2022年01月03日

悪党

「笑う日本史」 伊藤賀一 KADOKAWA 2019年

「悪党」=「ワル」じゃなかった! 生業はフリーランスの運送業者 
p70〜

 「「悪党」と聞くと、邪道や外道、非道なならず者なんかを思い浮かべる人も多いでしょう。おしなべて、マイナスの意味を想像すると思います。

 ですが、そのそも、悪党の”悪”は、現代で使われているような、単に悪いという意味ではなかったんですよ。「秩序外」「強さ」などのニュアンスが強い。「アウトロー」的な感じというか勇ましい響きもある。そもそも善悪なんて、見る方向により変わってきますからね。
 鎌倉時代末期に台頭してきた悪党といえば、主人を持たない武士を指していました。ほとんどの武士は、皇族や貴族、将軍や執権など誰かしらの主人を持ち、仕えています。対して悪党は、朝廷にも鎌倉幕府にも仕えない人間。今でいうフリーランスな立場の人間を「悪党」と呼んでいたんですよ。
 フリーランスに求められる資質は、今も昔も「強さ」です。体力的にはもちろんのこと、気持ちの強さも不可欠。
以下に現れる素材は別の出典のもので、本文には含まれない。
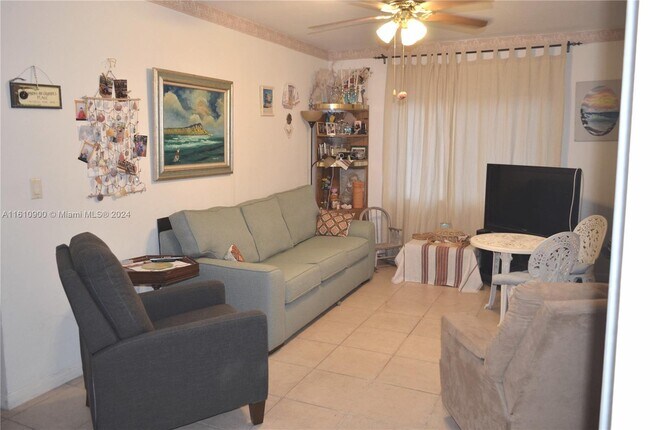 Photo - 7300 Byron Ave Unidad 24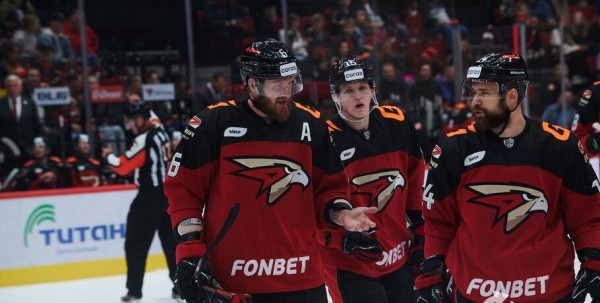 Хоккеисты "Авангарда" планируют сходить в театр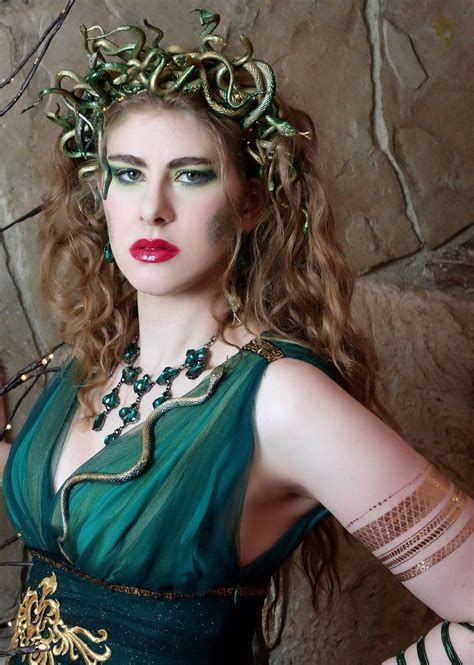 Happy almost halloween my fellow spooky my diy medusa costume didn't cost me anything, because i literally had all of. Medusa Costume | Medusa costume, Goddess costume, Grecian ...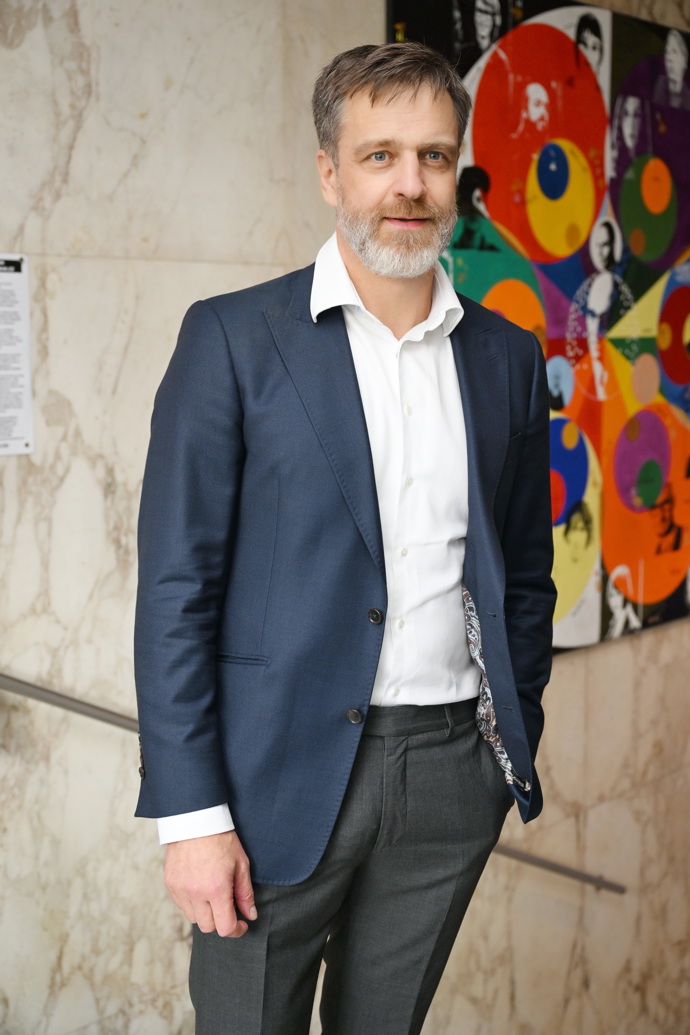 FOTO: Dorazili představitelé hlavních rolí. – stránka 225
 悪党が日々の糧を稼ぐ術として定番だったのは、運送業でした。運送業者は、スピードが大事で量をさばく。また、依頼主から預かった大切な荷物を強奪されるわけにはいきませんよね。ですから、必然的に体力だけでなく戦闘力も必要とされました。
 そして当時は、運送業が活躍できる都市といえば、朝廷のある、京、大寺社が集まる奈良、そして幕府のある鎌倉ぐらいのもの。武士が幕府のある鎌倉にいてフリーランスはなかなか難しいので、悪党の存在は、京・奈良を含む畿内に集中していました。

 ちなみに、南北朝時代に後醍醐天皇を支え活躍した南朝方の楠木正成も、元は河内国(現在の大阪府東部)を拠点に運送業を営んでいた悪党です。
 このようにし悪党は、確かに荘園を侵略する人間は多かったとはいえ、必ずしも「悪さ」をしていたというわけではないんです。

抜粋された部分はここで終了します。